(Collected data entries)
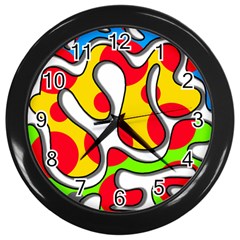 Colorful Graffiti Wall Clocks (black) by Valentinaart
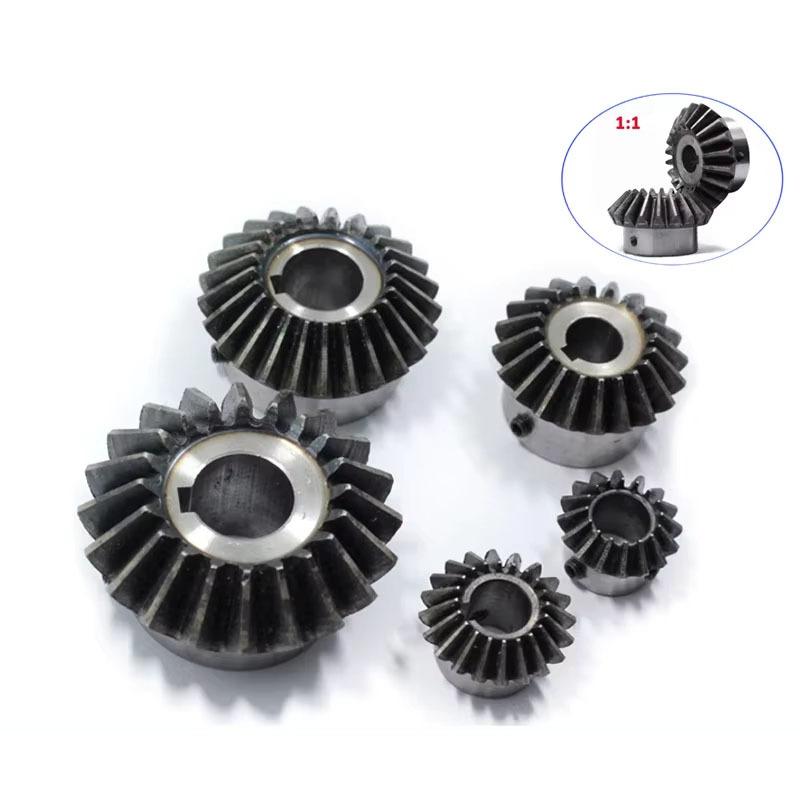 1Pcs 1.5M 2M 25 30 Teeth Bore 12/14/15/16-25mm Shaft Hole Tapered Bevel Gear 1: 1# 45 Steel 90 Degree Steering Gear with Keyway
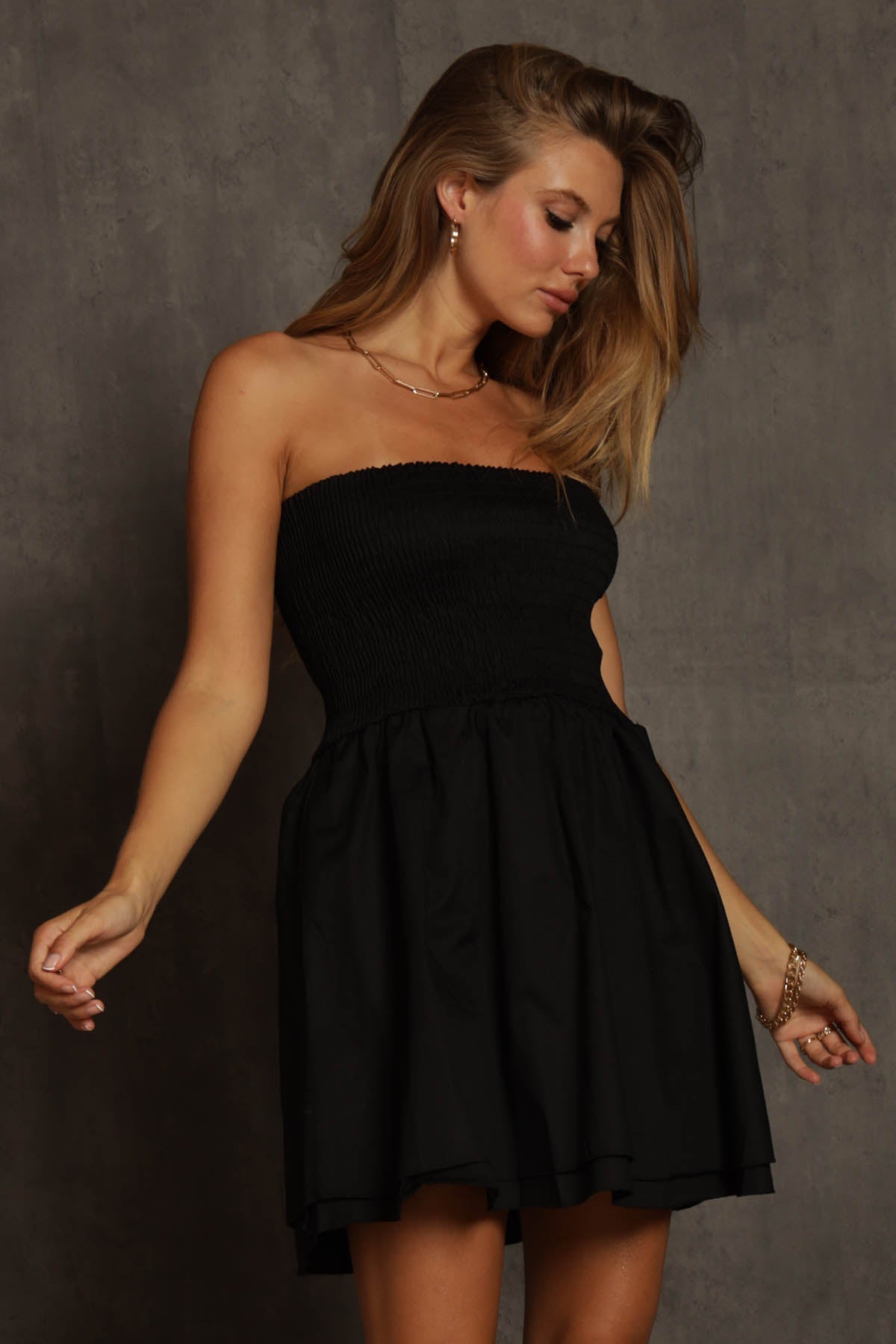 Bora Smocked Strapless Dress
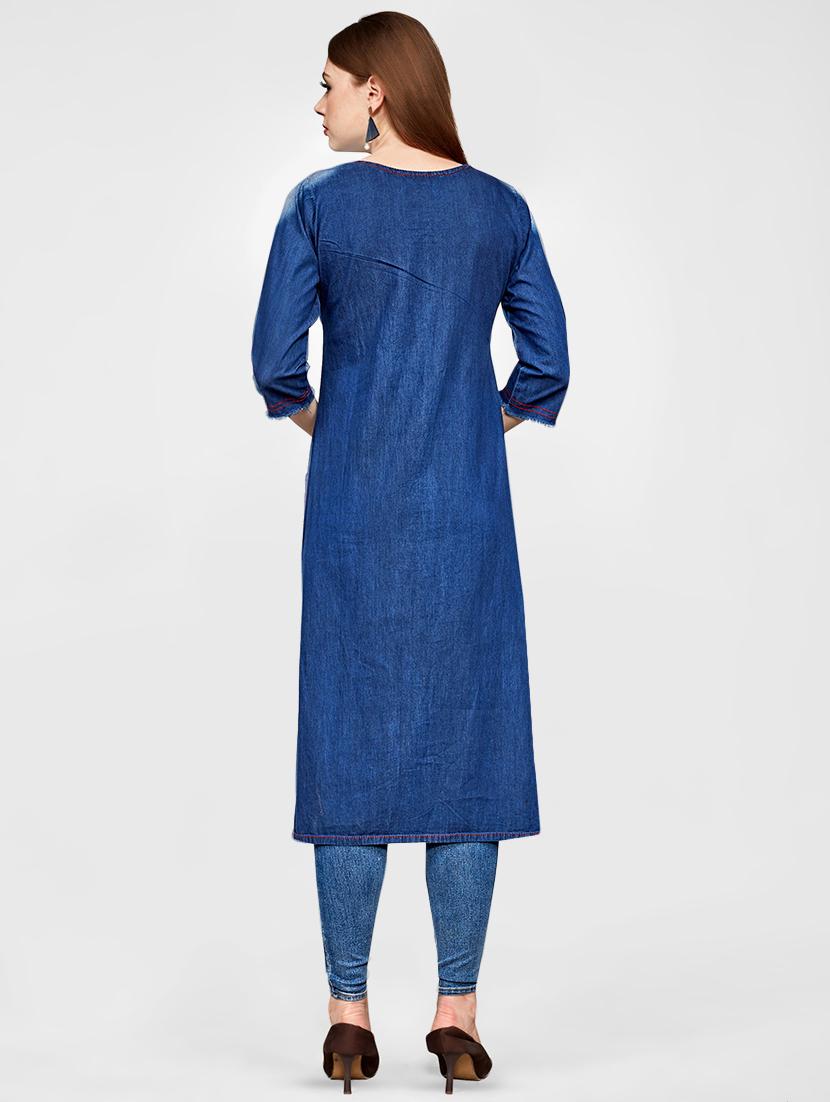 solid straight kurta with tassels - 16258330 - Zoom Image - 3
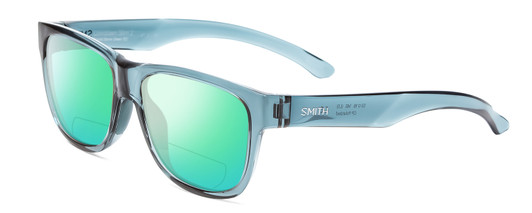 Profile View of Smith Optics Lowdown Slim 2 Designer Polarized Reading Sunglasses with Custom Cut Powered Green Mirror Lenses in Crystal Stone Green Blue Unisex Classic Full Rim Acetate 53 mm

[The task]
The finished copy should match the data above word for word and contain no pictures.

[Output of the task]
 Colorful Graffiti Wall Clocks (black) by Valentinaart
 1Pcs 1.5M 2M 25 30 Teeth Bore 12/14/15/16-25mm Shaft Hole Tapered Bevel Gear 1: 1# 45 Steel 90 Degree Steering Gear with Keyway
 Bora Smocked Strapless Dress
 solid straight kurta with tassels - 16258330 - Zoom Image - 3
 Profile View of Smith Optics Lowdown Slim 2 Designer Polarized Reading Sunglasses with Custom Cut Powered Green Mirror Lenses in Crystal Stone Green Blue Unisex Classic Full Rim Acetate 53 mm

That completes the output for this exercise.